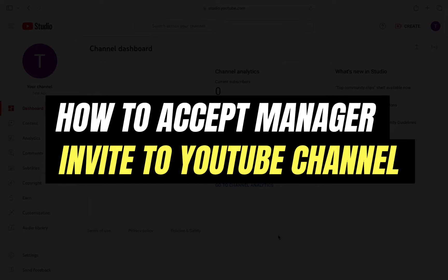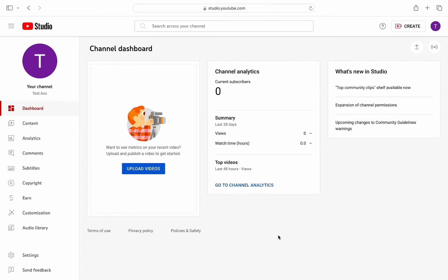Hello everyone, welcome back to another tutorial. In this video I'm going to walk you through the steps of how you can accept a manager invite to a YouTube channel. It's a very quick and easy process, so make sure to follow along.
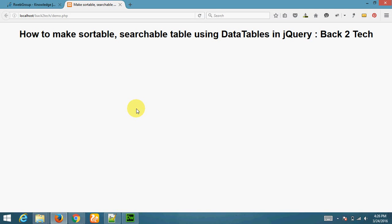Hello friends, welcome to DataTag. I am Mr. Kedia and my friend Awad Parmar. I am going to teach you how to make sortable, searchable tables using data tables in jQuery.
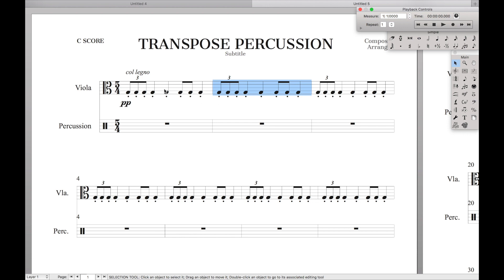There are two things that transposing percussion will let you do. One, it'll let you copy rhythms from one instrument to another. And secondly, it'll let you go between instruments, like bass drum and snare drum or something like that.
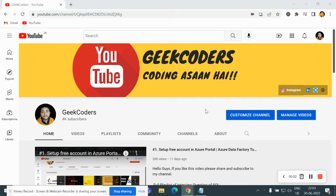Hey, hello guys, welcome back to my channel. My name is Sagar Pichapati and in this video, I will be talking about the real case scenario of the Get Metadata activity.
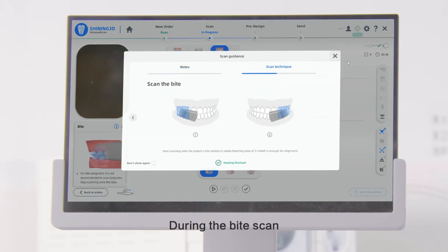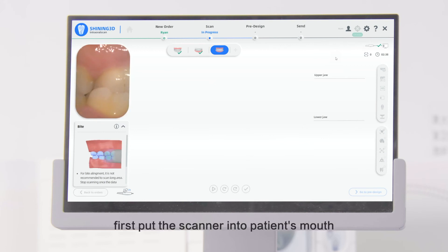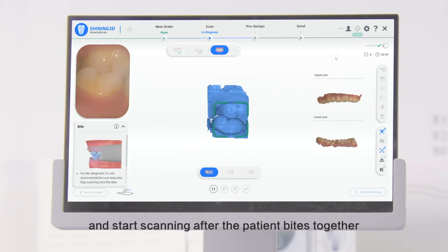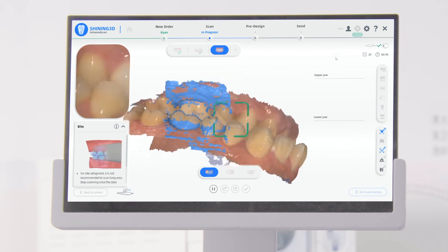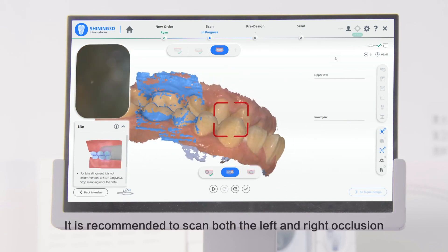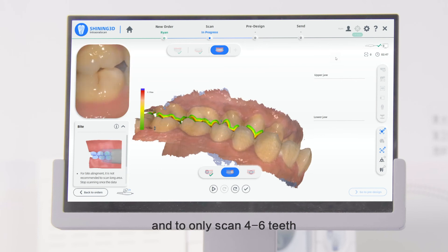During the bite scan, first put the scanner into the patient's mouth and start scanning after the patient bites together. It is recommended to scan both the left and right occlusion and to only scan 4 to 6 teeth.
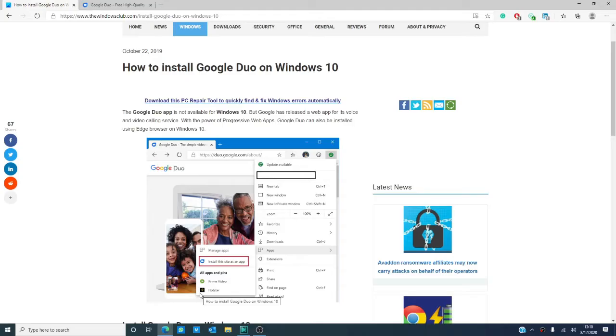Hello, Windows Universe! Michael with the Windows Club here. Google Duo, unfortunately, does not have a Windows desktop app. However, there is a workaround.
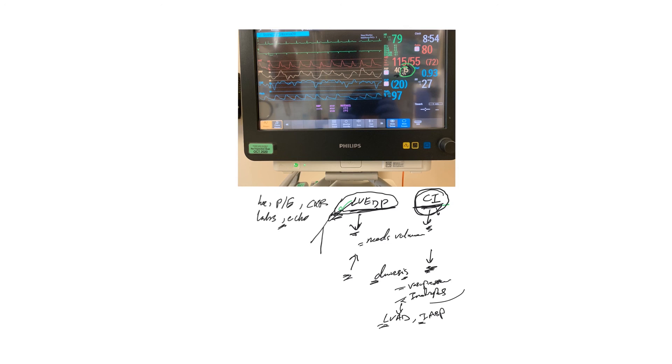And I have to say that in RV infarction, we, most of the case, we don't need Swan, unless you decide to put a right-sided Impella, which is an LVAD, and to get better readings.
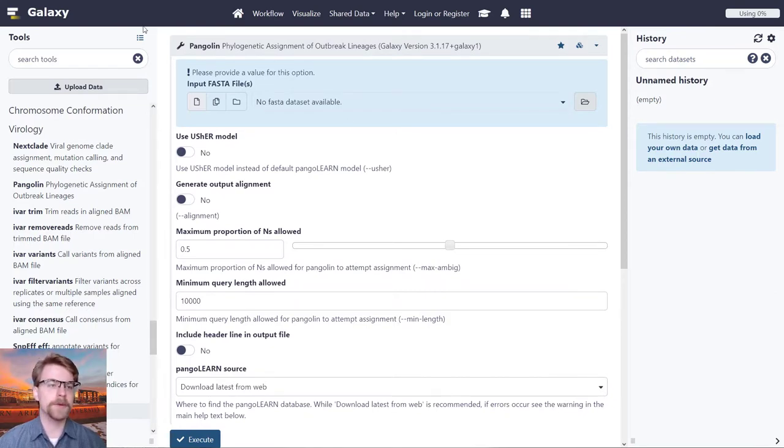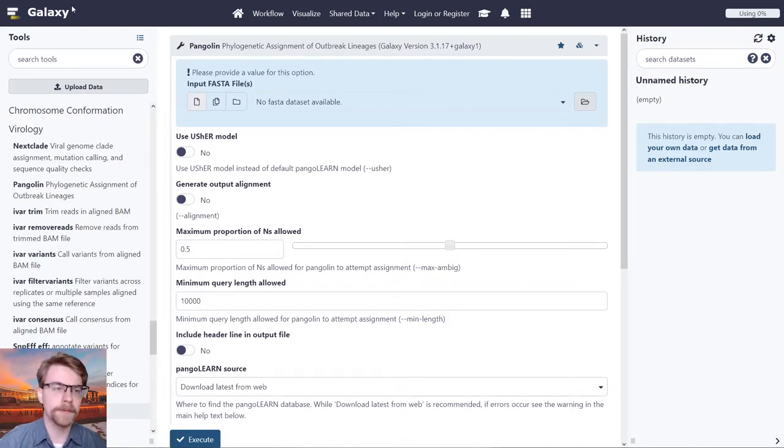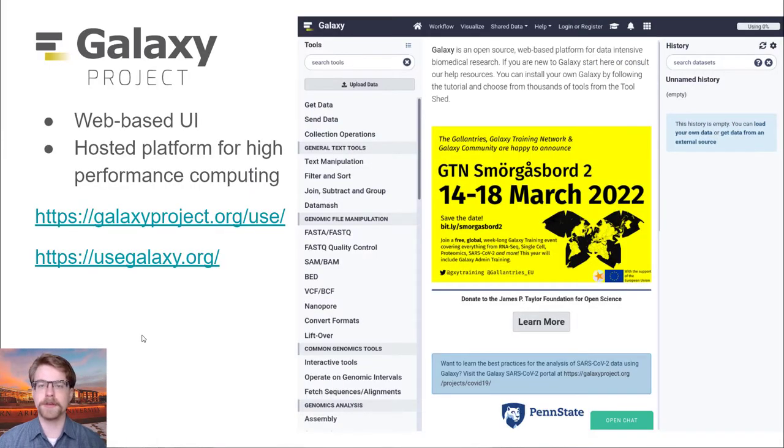Now, for this workshop, we've set up our own server, which you'll be interacting with. And this server uses QIIME 2.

------------------------------------------------

__Problem requirements__
Your task is to print exactly the lines from the one containing "During the bite" through the final line of the records above, with no pictures and nothing more.

__Task solution__
During the bite scan, first put the scanner into the patient's mouth and start scanning after the patient bites together. It is recommended to scan both the left and right occlusion and to only scan 4 to 6 teeth.
Hello, Windows Universe! Michael with the Windows Club here. Google Duo, unfortunately, does not have a Windows desktop app. However, there is a workaround.
And I have to say that in RV infarction, we, most of the case, we don't need Swan, unless you decide to put a right-sided Impella, which is an LVAD, and to get better readings.
Now, for this workshop, we've set up our own server, which you'll be interacting with. And this server uses QIIME 2.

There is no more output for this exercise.